IT IS a poignant letter. Alive, and very moving. I've had it for some time -- it was written to my genial, lovely father by a school chum with whom he trekked through France during World War I.
Descriptions of several hellish nights of July 1918 comprise the letter, and then Roy concludes, "Now Chunky, I don't know whether or not you will appreciate this review as I remember it after 53 years, but I feel that it is a few days to remember, not for its sadness or horror but rather for its contribution to a cherished friendship."
Occasionally I pick up that letter; it reads a bit like an office memo, and I realize now that this is what is so touching. There is a great sweetness in the infrequent deep friendships men form with each other, a detached intimacy, which, if it is spoken of at all, is done in a sort of businesslike way, never trying to cloak clumsiness -- it's far too unselfconscious, far too empowering for that -- but simply the facts put down. There. No wallowing about it. And it nearly brings a tear.

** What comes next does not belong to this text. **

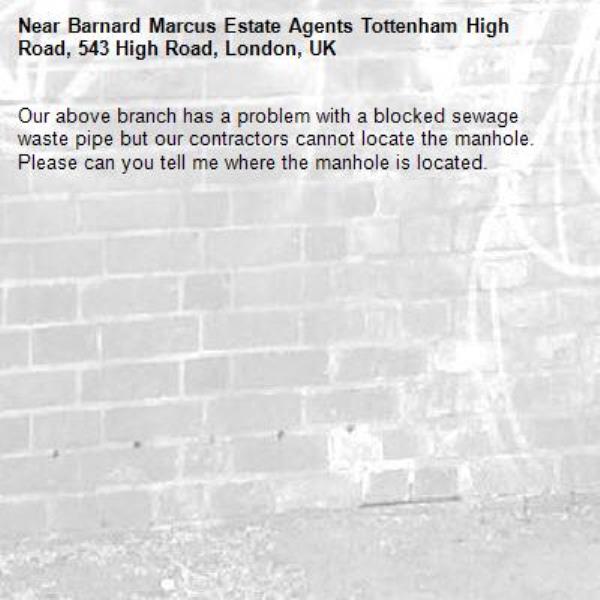 Our above branch has a problem with a blocked sewage waste pipe but our contractors cannot locate the manhole.  Please can you tell me where the manhole is located.-Barnard Marcus Estate Agents Tottenham High Road, 543 High Road, London, UK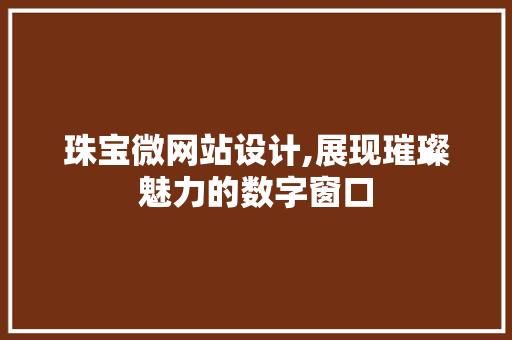 珠宝微网站设计,展现璀璨魅力的数字窗口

Then there is the small black notebook I found that Chunky had kept throughout the war: jottings taken down in the painstaking precision of the engineering student's script. Not so methodical or precise during the gas attacks, though, or the time everyone tried to help Gerwig when he fell at the steps of the dugout during that artillery barrage, or when there was a direct hit on Cassidy's gun and so just the two of them were left in the powder hole with Dwyer . . . on and on, a mesmeric whirlwind, as though Alice were racing from the Queen, and I -- never destined really to comprehend -- were trying to keep up.
First of the Rainbow Division to land in France, Nov. 1, 1917, wil ride to next town on side of Pierce-Arrow trucks -- hailing and cold . . . one hour's rest for dinner which consisted of burned beans and coffee . . . ruins caused by war here . . . shocked at Pott's death. First battle -- indescribable feeling but not at all scared . . . washing in the little stream . . . rumors of trenches again hard on morale. Blankford killed . . . one night's relief, we had oatmeal and entertainment.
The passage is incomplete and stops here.